Venir de + infinitive = to have just done something.

Je viens de lire ce livre =  I've just read this book.


----------



## tilt

In the same way, you may come across _aller + infinitive_ (no preposition here), which is used to say the close future: _je vais rencontrer un ami_ = I'm going to meet a friend.


----------



## cmsiervicul

In beginning to intermediate French, one learns about the "venir de" + infinitive constructions to say things like "je viens de finir mes devoirs" (I have just finished my homework).  But that's about as far my instruction has gone.  So I was wondering, are there any limits to acceptable forms of "venir" in this construction?  If so, what are they?  For example, could it make sense to use venir in the passé composé or plus-que-parfait?  What would the meaning of such a construction be?


----------



## Rallino

I think, using "venir de" in passé composé would do the same effect if you used "to be going to" in future, like: "I will go to ask him" instead of "I'm going to ask him" The meaning changes a bit I guess.


----------



## Outsider

cmsiervicul said:


> In beginning to intermediate French, one learns about the "venir de" + infinitive constructions to say things like "je viens de finir mes devoirs" (I have just finished my homework).  But that's about as far my instruction has gone.  So I was wondering, are there any limits to acceptable forms of "venir" in this construction?  If so, what are they?  For example, could it make sense to use venir in the passé composé or plus-que-parfait?  What would the meaning of such a construction be?

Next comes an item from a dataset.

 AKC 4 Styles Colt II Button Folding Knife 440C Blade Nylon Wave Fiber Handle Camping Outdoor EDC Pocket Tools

I don't think it's possible. Normally, this construction is used in the present tense or in the imperfect:

Je viens de finir mes devoirs.
Je venais de finir mes devoirs.​


----------



## Mauricet

Not these two, but the imparfait yes : _Je venais de lui faire un courriel quand il sonna à la porte._ I have doubts for the future: _Je viendrai de préparer le café et à cet instant précis elle sonnera à la porte_ (maybe a day dream)_._ Not common anyway. With the subjonctif it seems OK : _Il se pourrait que je vienne de lui faire un courriel quand il va sonner à la porte_. And the purist's version (concordance des temps, imparfait du subjonctif) : _Il aurait pu se faire que je vinsse de lui faire un courriel quand il sonna à la porte._


----------



## patm718

I know the plus-que-parfait is formed with avoir (or être) as such j'avais, tu avias, il avait, etc. However, my question is whether or not this can be combined with the immediate past formation of venir+de.

Par example, puis-je dire:

Il avait venir de partir.

ou:

Il avait vient de partir.

Les phrases apparaissent étranges, mais je ne suis pas sur.

Merci de votre aide!


----------



## L'Inconnu

What are you trying to say in English? If I wanted to say:

"He had just left"

I would say:

"Il venait de partir"


----------



## patm718

Ah, I'm sorry. I became confused trying to form this sentence in my head because I felt drawn towards the plus-que-parfait.  

Even still, if you don't mind me asking, how would this be formed if introduced with a "Quand..." clause?

such as:

Quand j'ai arrivé, ...? (can I use the plus-que-parfait to express that "he had just left" here?)

This might be a better phrase: When I arrived, he had just left.

Sorry if this is confusing to you. I'm still learning all this and there is a lot that I am trying to make sense of.

I think I understand everything now. To answer my own original question: No, I cannot combine the plus-que-parfait with the venir+de construction. _I can, _however, to express something that had _just happened in past time, _use the imparfait with venir+de construction.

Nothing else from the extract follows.